Monday, June 6, 2011

eggheads over easy

Someone called me "book-smart" a few weeks ago.
"You're book-smart. !"
It's amazing, the opinions I am treated to, without even having to ask.
One of those -- it's a compliment that sounds like an insult.
Or is it the other way around?

Egghead. That used to be an expression some people applied to anyone they thought was "intellectual." And maybe, the person was thought to -- know the concepts and answers in a classroom, or on a page, but they might not in real life. That was an "egghead." (I think they meant that the same as 'book-smart.')
When John F. Kennedy was president-elect, and was putting together his advisors and cabinet members, in late 1960, a lot of his picked names were Harvard-types: one commentator remarked that the new Administration would "have all its eggheads in one basket" ... : )
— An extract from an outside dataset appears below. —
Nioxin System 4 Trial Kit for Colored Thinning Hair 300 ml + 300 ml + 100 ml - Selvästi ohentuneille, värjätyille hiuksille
[excerpt, Grace And Power: The Private World of the Kennedy White House]:
------------ During the campaign, Kennedy took impish pleasure when his academic allies were thrown in with hard-bitten political veterans, described by TIME correspondent Hugh Sidey as "brawling Irishmen." During a rally in Boston, Kennedy spotted Schlesinger and Galbraith in the crowd. Later, on the campaign plane, Kennedy asked Sidey, "Did you see Arthur and Ken trapped in the middle inhaling all the cigar smoke?" Said Sidey, "He enjoyed and respected them and their brains, but he understood the limits of intellectuals. He needed the stimulus but he needed the down to earth O'Donnells and O'Briens as well." [end excerpt]

-------------------
Different people's perspectives are amazing -- what's unsatisfactory, or uncomfortable for one person, would be a Heavenly Career Option for someone else --
[from Grace / Power]: -------------- [Arthur] Schlesinger's wife, Marian, believed that her husband "would have loved to have had Mac Bundy's job," but settled for a more nebulous designation as "special assistant," what Galbraith described as "a good address but no clear function." The notion of an adviser with no definable responsibility initially disquieted Schlesinger. "I am not sure what I would be doing as Special Assistant," he said. "Well," cracked Kennedy, "I am not sure what I will be doing as President either." ------------ [end Excerpt]
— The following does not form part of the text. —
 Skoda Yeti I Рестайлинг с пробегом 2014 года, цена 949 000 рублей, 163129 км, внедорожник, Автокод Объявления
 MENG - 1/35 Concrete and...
I read that and think, You're "disquieted" to be an "adviser with no definable responsibility" -- DISQUIETED??? If it were me, I'd be, like, "WHERE DO I SIGN UP??!"
Lack of definition means lack of limits -- YAY! You would get to See The Big Picture and make connections and find better ways to make things work better -- or help other people do that. And other than that, stay out of the way. Be in the background.
See, to me having a non-specific, not-definable, whatever-it-was would be a terrific opportunity. But to some people, if they are looking around them & see other people with specific titles and lists of what's their turf, and they think they themselves are not having a title or a turf-list, it can bother the ego, and the person might worry about being on the bottom rung of ladder.
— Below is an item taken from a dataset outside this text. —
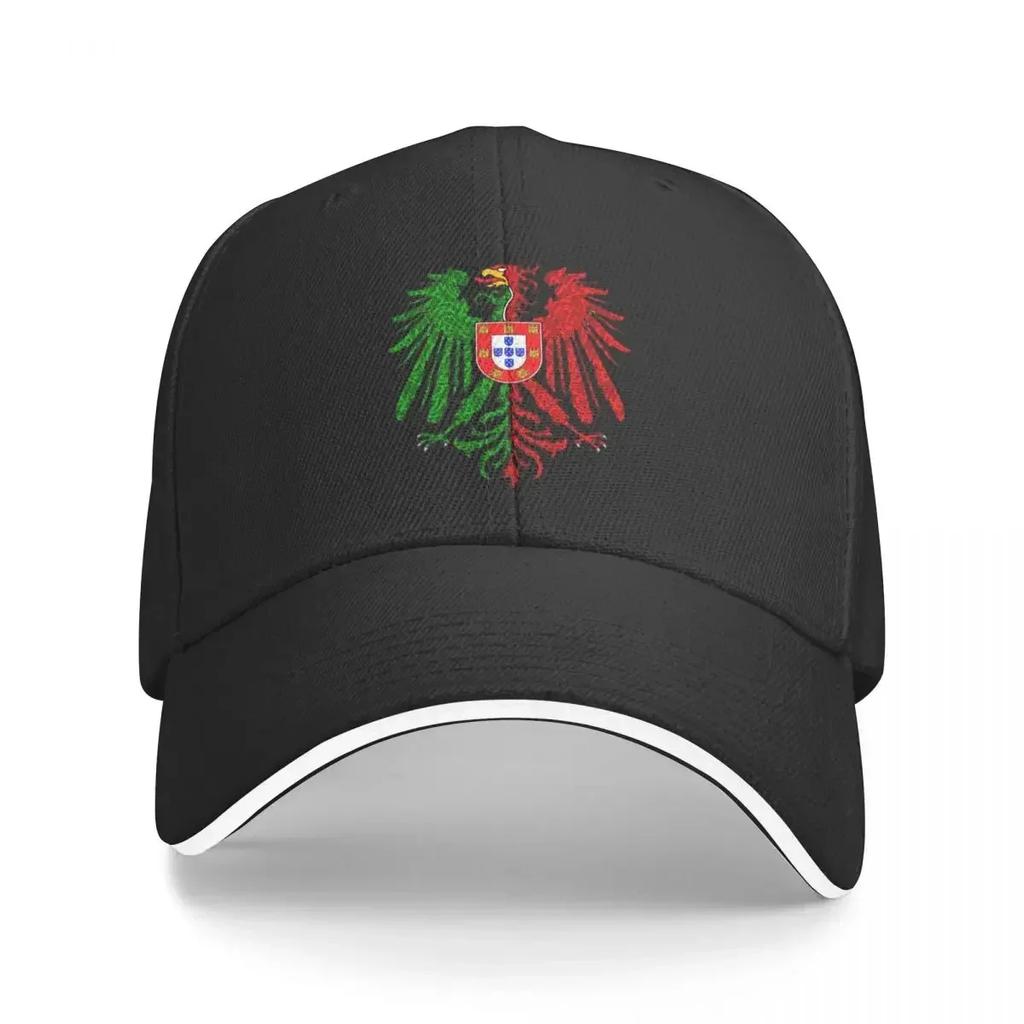 Portugal Flag Baseball Cap Cool Fashion Women Men Design Trucker Hat Spring Y2k Cute Outdoor Sport Adjustable Baseball Caps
(If I had been there, I would have told him, "If you're getting paid, don't worry about rungs and ladders -- you're in the best position there is.")

[excerpt / Grace]: ------------ Schlesinger's most burdensome task, one that originated early in the presidential campaign and continued in the White House, was as the middleman between Kennedy and Adlai Stevenson. "Adlai was not in the inner circle," said Schlesinger, "but Jack Kennedy always wanted to know what Adlai thought." Schlesinger never tired of insisting how compatible Kennedy and Stevenson should have been.... [end excerpt]

Their incompatibility resulted mostly from their competition during the presidential primary; some people can put that in the past more easily than others. -- So --

...so Schlesinger was "resigned to his fate as intermediary for the next three years: 'on the phone between the two of them, trying to translate one to the other.'"
Being a liaison between the U.S. Pres. John F. Kennedy and Adlai Stevenson: would have to be Best Job In World -- Hell-oh?!?!

one simple sentence: People see things differently.
another simple sentence: People see things differently, partly due to history and expectations.